Mobile, multimodal smartphones will now enable customer care contacts to be more automated, while still allowing flexible, on-demand customer access (“click-to-call”) to live assistance (voice, chat), whenever necessary. Again, ”contextual” access to available live assistance can be efficiently provided on-demand, based on the dynamic needs of the customer and qualified resource availability.

“Different Strokes for Different Folks?” Software-based Architecture for Mobile UC Flexibility!

End users, whether enterprise employees or consumers will no longer be satisfied with the limitations of the legacy telephone user interface, and will start exploiting the benefits of UC flexibility and integrated visual and voice user interfaces. Now that consumers have had a taste of multimodal mobility with innovative smartphones, they are starting to expect freedom of choice in how they initiate and receive contacts from both people and business process applications.

The key to extending communication flexibility and interoperability will rest with making communication applications functionally software-based, hardware independent, and with standards-based open interoperability. That requirement is particularly applicable for the increased use of new mobile smartphones that are already being used to communicate with all kinds of mobile applications under varying user circumstances.

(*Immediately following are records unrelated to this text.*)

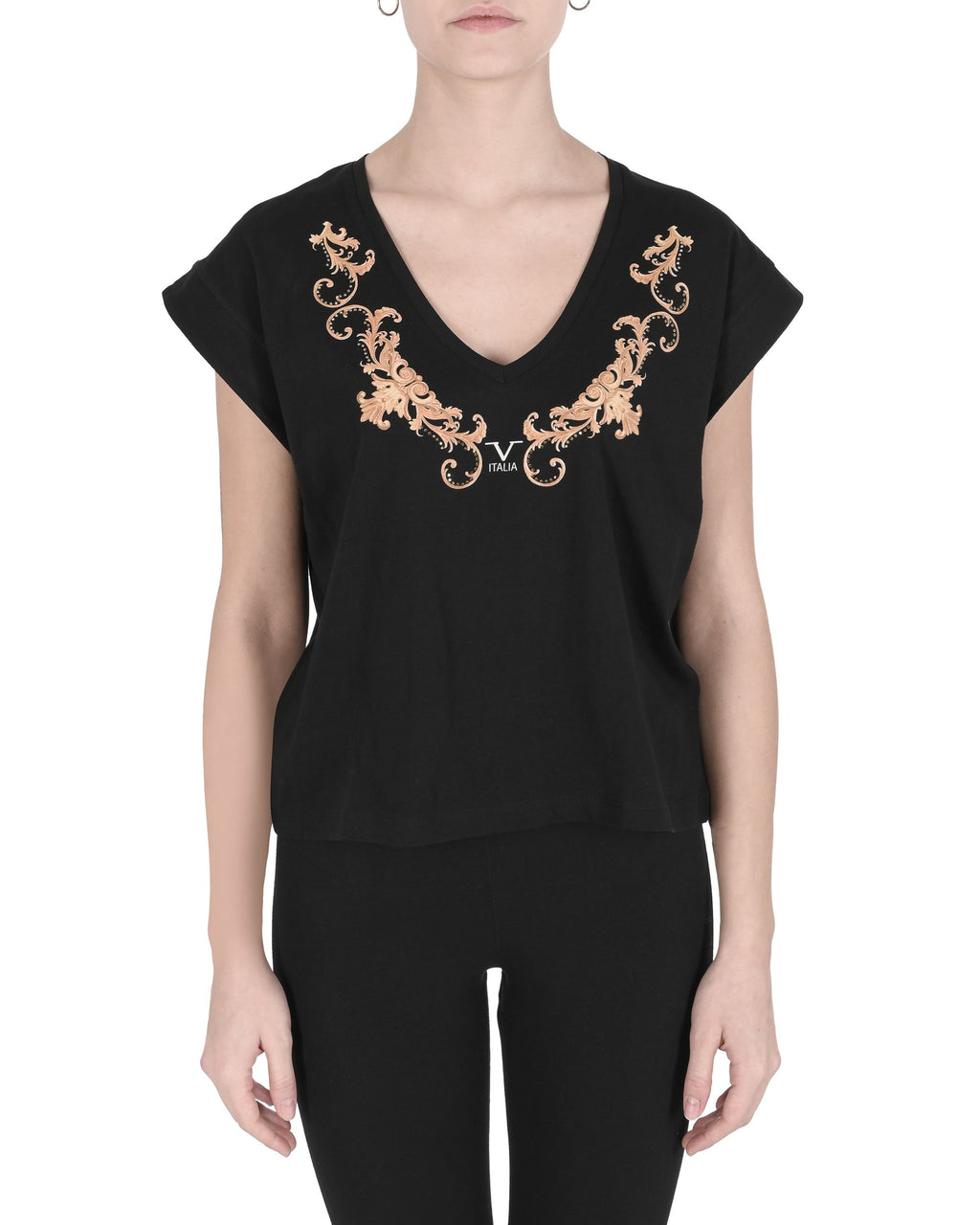 Camiseta Italia para mujer 19V69 SIA NEGRA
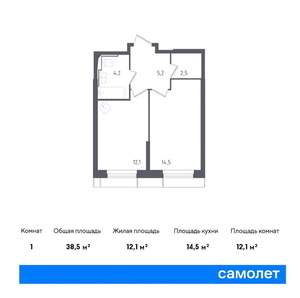 1-к квартира, вторичка, 39м2, 23/28 этаж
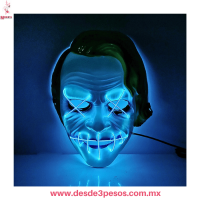 Máscara del GUASON / Joker - Luz Neón para Halloween y Fiestas | 20x17 cm ocupa 2 pilas AA no incluidas WSJ-5576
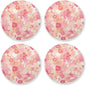 Red Glitter Texture 4 Piecing Set Round Coasters by KLL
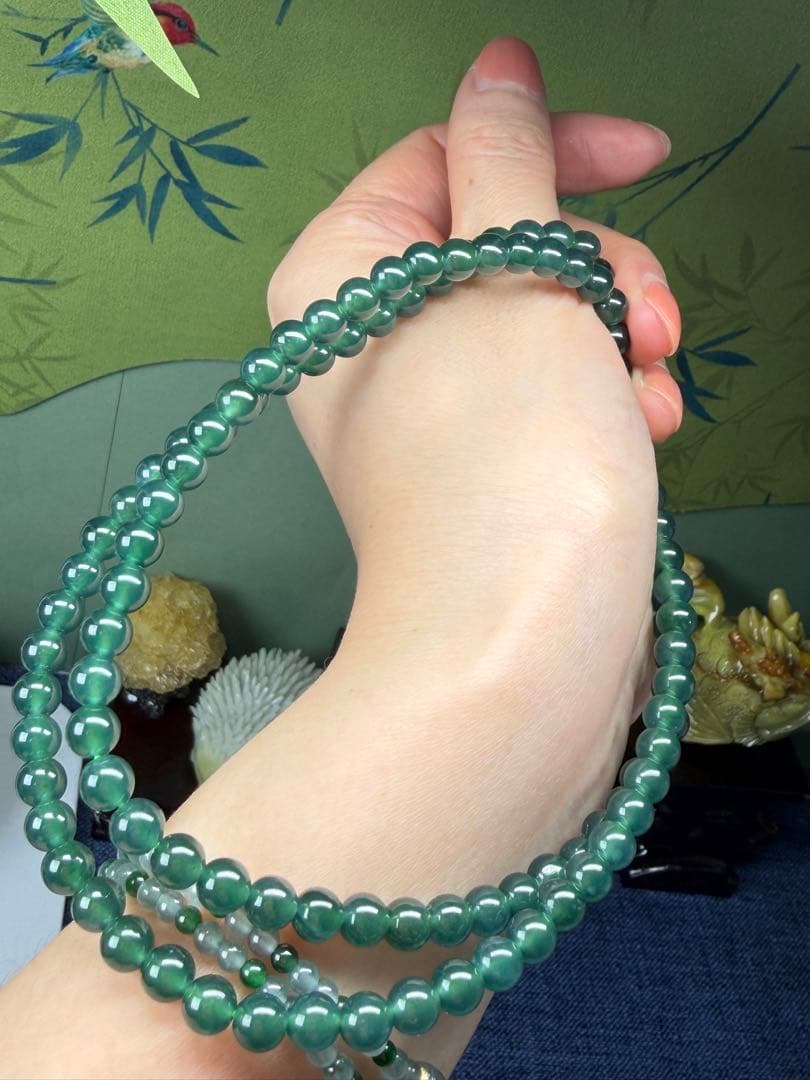 贅沢‼️天然本翡翠　高品質氷種藍緑色味翡翠一連ネックレス　鑑定書付き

Whether a user is initiating a contact or is the recipient accepting a contact, the choice of how a UC contact is made will depend upon each individual’s circumstantial situation.

· Sometimes contact is requested with a specific individual vs. anyone who is qualified, accessible, and available

· Sometimes the contact required is an immediate voice conversation

· Sometimes a user can’t talk (noisy, privacy)

· Sometimes they can’t hear (noisy)

· Sometimes they need to send information to be viewed in the context of a voice conversation

· Sometime a user can’t read or type (driving)

· Sometimes the response to an asynchronous message requires a voice conversation, real-time IM exchange, or a change in the message medium.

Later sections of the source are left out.